If you cooked Thanksgiving dinner at home, you are now faced with a dilemma – how do you fit all of that food back into the fridge?
It starts before Thanksgiving even begins: that bird can monopolize a lot of space as it sits and thaws for several days. I put mine in my biggest mixing bowl and every morning when I open the fridge to grab half and half for my morning coffee, I poke the bird to see if it responds. It never does, but I can tell its thawing is progressing.
I start making food a few days in advance so I don’t have to cook everything on Thanksgiving Day, but then I have to juggle casserole dishes of Thanksgiving fare with every day food. Every time something goes in, either something must go out or all the containers need to be rearranged.
Then just when I think I can’t fit anymore into the fridge, I remember something I forgot. I pray I’ll find a nook or cranny for that carton of cream or those cans of whip cream. Once I shove them in, I hope as people open the fridge for normal food items, something doesn’t roll out and explode on impact.
And did you notice your family still expects you to feed them up until Thanksgiving Day?
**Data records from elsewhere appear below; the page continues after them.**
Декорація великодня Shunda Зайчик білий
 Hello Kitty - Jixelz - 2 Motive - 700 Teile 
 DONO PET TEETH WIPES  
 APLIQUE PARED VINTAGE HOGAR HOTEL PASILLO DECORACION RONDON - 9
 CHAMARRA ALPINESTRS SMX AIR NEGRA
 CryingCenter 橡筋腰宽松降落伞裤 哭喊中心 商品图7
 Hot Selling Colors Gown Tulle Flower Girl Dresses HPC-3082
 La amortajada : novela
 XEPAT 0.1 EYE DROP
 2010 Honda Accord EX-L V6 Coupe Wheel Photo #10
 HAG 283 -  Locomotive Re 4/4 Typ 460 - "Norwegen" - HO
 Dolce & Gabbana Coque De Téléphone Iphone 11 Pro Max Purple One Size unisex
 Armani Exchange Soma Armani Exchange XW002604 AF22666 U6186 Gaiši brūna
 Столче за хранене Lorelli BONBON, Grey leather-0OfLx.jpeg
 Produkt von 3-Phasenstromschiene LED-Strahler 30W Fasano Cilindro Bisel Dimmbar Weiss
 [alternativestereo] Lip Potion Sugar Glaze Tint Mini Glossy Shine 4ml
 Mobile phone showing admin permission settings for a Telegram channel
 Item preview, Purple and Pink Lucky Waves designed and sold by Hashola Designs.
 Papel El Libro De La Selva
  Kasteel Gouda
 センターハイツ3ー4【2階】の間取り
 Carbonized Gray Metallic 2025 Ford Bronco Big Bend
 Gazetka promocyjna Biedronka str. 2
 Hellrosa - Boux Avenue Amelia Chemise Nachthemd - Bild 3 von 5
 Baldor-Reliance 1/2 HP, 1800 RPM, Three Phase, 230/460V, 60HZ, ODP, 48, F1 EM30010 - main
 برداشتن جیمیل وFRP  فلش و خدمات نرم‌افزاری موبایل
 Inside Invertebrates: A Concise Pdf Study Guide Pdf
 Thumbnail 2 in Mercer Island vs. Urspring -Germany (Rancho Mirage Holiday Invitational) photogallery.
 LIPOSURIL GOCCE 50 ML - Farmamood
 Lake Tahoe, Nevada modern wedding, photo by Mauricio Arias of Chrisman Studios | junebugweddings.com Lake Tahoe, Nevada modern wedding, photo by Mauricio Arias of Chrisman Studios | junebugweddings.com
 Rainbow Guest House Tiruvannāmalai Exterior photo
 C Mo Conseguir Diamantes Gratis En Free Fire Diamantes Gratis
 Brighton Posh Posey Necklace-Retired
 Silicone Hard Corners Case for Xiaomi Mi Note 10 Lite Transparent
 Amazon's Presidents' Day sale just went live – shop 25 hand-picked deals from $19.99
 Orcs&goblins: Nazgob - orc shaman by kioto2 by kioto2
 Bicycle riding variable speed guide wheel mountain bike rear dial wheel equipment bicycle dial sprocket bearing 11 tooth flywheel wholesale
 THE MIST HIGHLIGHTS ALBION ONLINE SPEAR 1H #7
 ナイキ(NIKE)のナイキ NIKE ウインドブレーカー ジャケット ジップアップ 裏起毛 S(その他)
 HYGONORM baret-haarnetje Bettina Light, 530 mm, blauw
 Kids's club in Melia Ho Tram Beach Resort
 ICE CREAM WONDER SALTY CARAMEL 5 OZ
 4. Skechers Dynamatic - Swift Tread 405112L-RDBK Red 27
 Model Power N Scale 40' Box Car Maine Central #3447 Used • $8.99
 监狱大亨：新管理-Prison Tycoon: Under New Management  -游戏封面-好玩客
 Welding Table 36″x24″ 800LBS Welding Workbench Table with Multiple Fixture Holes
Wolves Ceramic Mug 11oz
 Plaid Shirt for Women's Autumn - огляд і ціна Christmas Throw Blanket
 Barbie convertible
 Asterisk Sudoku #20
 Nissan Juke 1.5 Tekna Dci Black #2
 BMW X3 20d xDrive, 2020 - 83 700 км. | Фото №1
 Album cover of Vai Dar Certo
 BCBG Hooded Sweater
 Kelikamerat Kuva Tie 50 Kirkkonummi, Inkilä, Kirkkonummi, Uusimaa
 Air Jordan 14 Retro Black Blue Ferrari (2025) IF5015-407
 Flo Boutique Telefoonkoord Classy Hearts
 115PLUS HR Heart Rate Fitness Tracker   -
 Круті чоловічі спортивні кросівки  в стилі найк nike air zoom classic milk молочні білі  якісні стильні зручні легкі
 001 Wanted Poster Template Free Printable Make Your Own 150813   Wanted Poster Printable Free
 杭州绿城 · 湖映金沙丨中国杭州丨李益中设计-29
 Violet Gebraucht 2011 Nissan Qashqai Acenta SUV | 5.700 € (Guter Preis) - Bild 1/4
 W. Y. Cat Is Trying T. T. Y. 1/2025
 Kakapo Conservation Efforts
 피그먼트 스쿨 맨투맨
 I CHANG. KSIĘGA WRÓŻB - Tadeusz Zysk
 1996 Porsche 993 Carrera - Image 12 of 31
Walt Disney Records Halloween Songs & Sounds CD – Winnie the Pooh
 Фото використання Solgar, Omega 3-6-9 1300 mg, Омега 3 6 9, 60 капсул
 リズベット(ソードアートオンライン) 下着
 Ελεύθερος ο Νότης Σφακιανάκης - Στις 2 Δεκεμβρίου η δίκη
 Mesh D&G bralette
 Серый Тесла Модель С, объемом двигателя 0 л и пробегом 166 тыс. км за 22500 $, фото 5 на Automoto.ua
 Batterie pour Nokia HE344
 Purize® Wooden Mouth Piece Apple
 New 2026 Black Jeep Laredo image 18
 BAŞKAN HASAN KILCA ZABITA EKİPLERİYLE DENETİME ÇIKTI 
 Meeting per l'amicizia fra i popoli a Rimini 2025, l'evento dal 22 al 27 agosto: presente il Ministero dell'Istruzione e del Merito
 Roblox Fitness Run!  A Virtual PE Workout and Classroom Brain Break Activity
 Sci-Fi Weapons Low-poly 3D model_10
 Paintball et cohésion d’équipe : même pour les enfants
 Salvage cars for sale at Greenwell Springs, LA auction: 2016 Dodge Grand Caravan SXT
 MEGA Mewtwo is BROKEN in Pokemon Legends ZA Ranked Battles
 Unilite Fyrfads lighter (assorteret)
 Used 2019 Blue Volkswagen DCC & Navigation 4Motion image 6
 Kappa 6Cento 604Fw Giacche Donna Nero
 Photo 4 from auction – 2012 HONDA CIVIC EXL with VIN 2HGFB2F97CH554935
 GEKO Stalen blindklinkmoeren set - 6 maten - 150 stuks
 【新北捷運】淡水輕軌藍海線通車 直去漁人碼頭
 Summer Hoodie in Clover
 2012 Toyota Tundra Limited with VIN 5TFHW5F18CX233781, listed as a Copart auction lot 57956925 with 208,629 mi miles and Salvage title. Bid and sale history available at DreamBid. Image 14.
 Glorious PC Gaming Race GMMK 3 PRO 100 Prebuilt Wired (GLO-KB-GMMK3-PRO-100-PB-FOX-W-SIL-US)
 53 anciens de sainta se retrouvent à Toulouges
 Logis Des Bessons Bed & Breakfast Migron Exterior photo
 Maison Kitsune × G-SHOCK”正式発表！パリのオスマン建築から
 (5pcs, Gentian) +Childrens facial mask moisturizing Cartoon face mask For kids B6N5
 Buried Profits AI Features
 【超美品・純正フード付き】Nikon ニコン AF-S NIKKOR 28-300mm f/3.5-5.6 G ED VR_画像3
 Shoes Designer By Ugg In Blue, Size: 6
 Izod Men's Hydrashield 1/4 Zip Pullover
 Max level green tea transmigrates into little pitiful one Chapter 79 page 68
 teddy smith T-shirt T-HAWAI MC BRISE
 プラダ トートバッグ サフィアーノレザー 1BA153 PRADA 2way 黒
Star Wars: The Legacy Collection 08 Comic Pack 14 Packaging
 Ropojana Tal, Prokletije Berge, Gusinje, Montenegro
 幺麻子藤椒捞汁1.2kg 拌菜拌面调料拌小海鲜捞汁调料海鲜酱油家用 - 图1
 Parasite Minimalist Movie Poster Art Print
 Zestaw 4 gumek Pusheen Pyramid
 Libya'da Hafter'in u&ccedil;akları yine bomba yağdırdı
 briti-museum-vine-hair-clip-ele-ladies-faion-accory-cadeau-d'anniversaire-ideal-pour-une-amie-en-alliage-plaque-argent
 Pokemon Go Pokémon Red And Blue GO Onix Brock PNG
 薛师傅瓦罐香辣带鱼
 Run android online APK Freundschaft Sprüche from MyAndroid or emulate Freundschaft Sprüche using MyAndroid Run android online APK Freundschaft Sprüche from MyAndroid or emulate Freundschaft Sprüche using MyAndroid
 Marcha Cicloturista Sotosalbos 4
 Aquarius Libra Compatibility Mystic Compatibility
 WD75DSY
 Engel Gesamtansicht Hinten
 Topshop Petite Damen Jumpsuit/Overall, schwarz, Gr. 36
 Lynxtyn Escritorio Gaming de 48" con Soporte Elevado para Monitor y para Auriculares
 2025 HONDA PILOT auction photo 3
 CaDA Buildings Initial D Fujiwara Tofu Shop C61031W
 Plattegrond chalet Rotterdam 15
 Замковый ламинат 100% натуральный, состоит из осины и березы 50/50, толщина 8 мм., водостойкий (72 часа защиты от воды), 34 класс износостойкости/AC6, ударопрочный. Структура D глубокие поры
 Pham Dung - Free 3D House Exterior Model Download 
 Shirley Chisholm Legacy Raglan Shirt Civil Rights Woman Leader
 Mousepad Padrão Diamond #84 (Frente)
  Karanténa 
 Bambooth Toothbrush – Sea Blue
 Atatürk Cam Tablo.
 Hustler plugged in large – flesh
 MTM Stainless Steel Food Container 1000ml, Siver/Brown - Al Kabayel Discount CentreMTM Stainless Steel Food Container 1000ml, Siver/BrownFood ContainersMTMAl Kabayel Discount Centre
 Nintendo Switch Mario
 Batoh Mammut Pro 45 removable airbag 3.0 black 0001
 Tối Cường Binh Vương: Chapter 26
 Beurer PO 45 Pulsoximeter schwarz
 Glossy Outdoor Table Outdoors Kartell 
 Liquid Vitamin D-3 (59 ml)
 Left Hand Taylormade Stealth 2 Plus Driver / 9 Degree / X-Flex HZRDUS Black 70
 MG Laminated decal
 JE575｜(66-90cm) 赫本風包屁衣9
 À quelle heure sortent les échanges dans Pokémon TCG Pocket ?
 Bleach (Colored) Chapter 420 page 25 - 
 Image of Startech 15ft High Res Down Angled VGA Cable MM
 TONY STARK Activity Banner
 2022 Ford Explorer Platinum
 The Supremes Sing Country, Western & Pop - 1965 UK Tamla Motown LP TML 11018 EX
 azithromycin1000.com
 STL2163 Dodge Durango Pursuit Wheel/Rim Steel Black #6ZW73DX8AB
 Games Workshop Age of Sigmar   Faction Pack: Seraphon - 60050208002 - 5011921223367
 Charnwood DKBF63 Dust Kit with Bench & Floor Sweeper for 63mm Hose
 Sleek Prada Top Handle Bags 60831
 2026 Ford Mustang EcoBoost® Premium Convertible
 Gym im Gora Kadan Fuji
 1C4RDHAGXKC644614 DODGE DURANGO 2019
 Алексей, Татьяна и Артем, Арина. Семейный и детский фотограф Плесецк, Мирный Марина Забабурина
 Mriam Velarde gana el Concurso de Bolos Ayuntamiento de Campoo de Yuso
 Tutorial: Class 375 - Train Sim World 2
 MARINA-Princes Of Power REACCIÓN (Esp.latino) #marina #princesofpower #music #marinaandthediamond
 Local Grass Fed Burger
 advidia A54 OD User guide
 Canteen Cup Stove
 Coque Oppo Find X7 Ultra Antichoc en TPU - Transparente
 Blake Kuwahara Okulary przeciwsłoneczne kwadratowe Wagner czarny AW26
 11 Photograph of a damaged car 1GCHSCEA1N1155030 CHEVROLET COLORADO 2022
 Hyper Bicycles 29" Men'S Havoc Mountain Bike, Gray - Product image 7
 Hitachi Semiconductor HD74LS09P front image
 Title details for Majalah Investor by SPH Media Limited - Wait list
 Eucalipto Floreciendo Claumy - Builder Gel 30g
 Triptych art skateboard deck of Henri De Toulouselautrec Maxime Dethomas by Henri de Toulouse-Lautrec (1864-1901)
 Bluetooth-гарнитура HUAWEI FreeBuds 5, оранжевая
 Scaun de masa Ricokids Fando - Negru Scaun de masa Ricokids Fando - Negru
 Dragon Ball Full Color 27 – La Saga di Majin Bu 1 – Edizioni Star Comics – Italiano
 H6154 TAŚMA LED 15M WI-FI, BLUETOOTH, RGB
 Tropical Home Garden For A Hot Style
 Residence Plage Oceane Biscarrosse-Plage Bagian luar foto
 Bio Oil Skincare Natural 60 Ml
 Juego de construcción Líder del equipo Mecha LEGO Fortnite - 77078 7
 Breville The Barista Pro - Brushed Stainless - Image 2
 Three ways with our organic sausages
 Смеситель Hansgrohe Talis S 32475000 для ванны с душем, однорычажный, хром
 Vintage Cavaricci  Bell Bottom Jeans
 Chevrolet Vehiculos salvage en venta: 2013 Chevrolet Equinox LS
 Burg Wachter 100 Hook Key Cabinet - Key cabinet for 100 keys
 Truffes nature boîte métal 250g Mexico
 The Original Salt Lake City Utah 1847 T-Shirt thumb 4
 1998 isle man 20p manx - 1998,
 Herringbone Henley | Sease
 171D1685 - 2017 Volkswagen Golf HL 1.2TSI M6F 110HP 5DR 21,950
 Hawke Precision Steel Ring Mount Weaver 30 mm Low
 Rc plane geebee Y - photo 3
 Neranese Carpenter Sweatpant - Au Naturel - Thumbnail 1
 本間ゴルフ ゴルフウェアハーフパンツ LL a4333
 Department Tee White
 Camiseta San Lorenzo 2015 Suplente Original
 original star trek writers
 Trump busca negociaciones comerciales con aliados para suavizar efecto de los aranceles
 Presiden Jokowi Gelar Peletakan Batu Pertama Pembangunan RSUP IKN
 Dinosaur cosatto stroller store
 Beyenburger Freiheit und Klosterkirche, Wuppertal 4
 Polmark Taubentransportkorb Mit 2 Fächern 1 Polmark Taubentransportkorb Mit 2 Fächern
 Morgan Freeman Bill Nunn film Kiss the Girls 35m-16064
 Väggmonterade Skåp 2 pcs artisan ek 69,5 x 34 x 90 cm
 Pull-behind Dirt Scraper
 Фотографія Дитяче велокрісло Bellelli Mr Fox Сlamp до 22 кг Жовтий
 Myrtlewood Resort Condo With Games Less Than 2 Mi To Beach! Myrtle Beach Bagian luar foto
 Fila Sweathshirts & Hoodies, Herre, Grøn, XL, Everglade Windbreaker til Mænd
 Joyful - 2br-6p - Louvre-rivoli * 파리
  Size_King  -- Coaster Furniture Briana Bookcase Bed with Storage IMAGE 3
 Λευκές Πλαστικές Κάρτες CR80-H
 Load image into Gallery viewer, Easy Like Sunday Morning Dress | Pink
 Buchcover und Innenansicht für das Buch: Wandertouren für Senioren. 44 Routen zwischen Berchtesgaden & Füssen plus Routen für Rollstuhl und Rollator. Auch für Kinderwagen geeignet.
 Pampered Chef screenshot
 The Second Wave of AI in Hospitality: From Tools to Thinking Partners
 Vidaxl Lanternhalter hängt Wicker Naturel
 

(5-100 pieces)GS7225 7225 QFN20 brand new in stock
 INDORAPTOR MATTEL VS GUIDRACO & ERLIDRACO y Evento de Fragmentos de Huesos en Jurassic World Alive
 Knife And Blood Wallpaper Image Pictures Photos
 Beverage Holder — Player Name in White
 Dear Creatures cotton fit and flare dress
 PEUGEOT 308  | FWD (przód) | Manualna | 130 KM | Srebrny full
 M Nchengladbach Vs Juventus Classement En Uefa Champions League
Any meals I plan leading up to Thanksgiving Day are simple and produce no leftovers.
This residual dilemma of needing the fridge for everyday food can be an inconvenience. I find myself encouraging only beverages that come out of the door of the fridge (water) and snacking on unhealthy food they can find in the pantry. Cereal is probably not a good idea because it would require milk. If they try to get the milk out they’ll have to remove the condiments precariously stacked around the milk in my efforts to find more space. I’m not beyond directing my family to canned goods and a can opener, as long as they eat the whole can.
After I’ve prepared for days for our Thanksgiving feast, it is over in about 20 minutes; a half hour if people have seconds. Then I am faced with getting all the food back into the fridge. It seems this should be easier because much food has been consumed, but for some reason the volume of food seems to grow.
I strip the turkey and put the leftovers in a plastic container. All the side dishes also go into storage dishes; remember I added a couple recipes on Thanksgiving Day. Everything is once again stacked precariously in refrigerator. If you take one thing out, chances are you’ll be removing five other things just to get to the food you’re after. If containers are not stacked carefully, there is again risk of spontaneous explosion upon impact with the floor.
Before all the leftovers are consumed, I make turkey soup with the stripped turkey carcass. I don’t usually have a plastic storage container large enough to hold all the soup, so the large soup pot has to be stored in the refrigerator as well. It’s just as big as the defrosting turkey was. So the circle of leftovers starts once again.
A week after Thanksgiving, my family is turkeyed-out, the side dishes are consumed and we are back to everyday dinner recipes. The refrigerator’s internal status is back to manageable leftover proportions while visions of turkey drums dance in our heads.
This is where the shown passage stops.